An official statement on January 2 said that President Qasym-Zhomart Toqaev had signed off on abolishing the death penalty in Kazakhstan. (file photo)
An official statement on January 2 said that President Qasym-Zhomart Toqaev had signed off on abolishing the death penalty in Kazakhstan. (file photo)

Kazakhstan has abolished the death penalty, making permanent a nearly two-decade freeze on capital punishment in the Central Asian country, a statement on the presidential website said on January 2.

The statement said Kazakh President Qasym-Zhomart Toqaev had signed off on parliamentary ratification of the Second Optional Protocol to the International Covenant on Civil and Political Rights – a document that obligates signatories to abolish the death penalty.

Kazakhstan instituted an indefinite moratorium on capital punishment in 2003 but retained the death penalty for terrorism-related offenses.

In 2016, the death penalty was imposed on a man who was convicted of a mass shooting in Almaty.

Ruslan Kulikbaev had been the only person on death row in Kazakhstan.

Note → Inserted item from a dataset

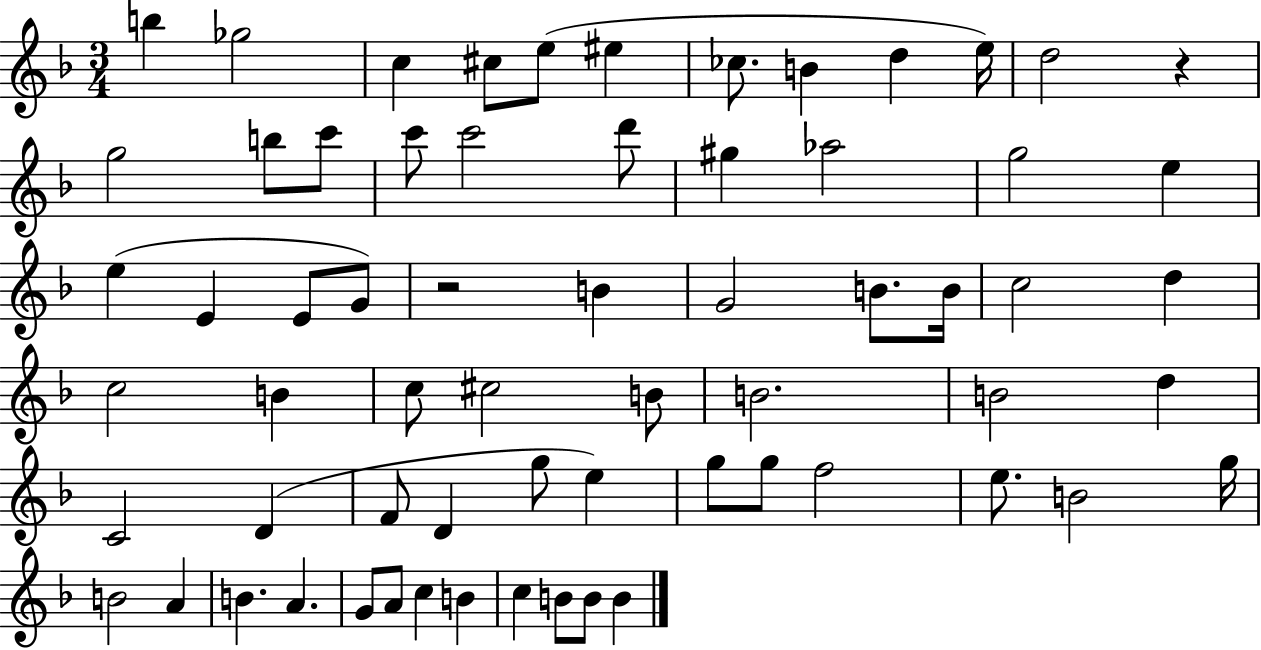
B5/q Gb5/h C5/q C#5/e E5/e EIS5/q CES5/e. B4/q D5/q E5/s D5/h R/q G5/h B5/e C6/e C6/e C6/h D6/e G#5/q Ab5/h G5/h E5/q E5/q E4/q E4/e G4/e R/h B4/q G4/h B4/e. B4/s C5/h D5/q C5/h B4/q C5/e C#5/h B4/e B4/h. B4/h D5/q C4/h D4/q F4/e D4/q G5/e E5/q G5/e G5/e F5/h E5/e. B4/h G5/s B4/h A4/q B4/q. A4/q. G4/e A4/e C5/q B4/q C5/q B4/e B4/e B4/q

He will now serve a life sentence in prison.

Toqaev announced that his country would join the protocol on the abolition of the death penalty in his speech at the 74th session of the UN General Assembly in December 2019.

Russia, Tajikistan, and Belarus are now the only three countries in Europe and Central Asia which haven’t yet signed or ratified the Second Optional Protocol. Belarus is the only country in the region that still carries out executions.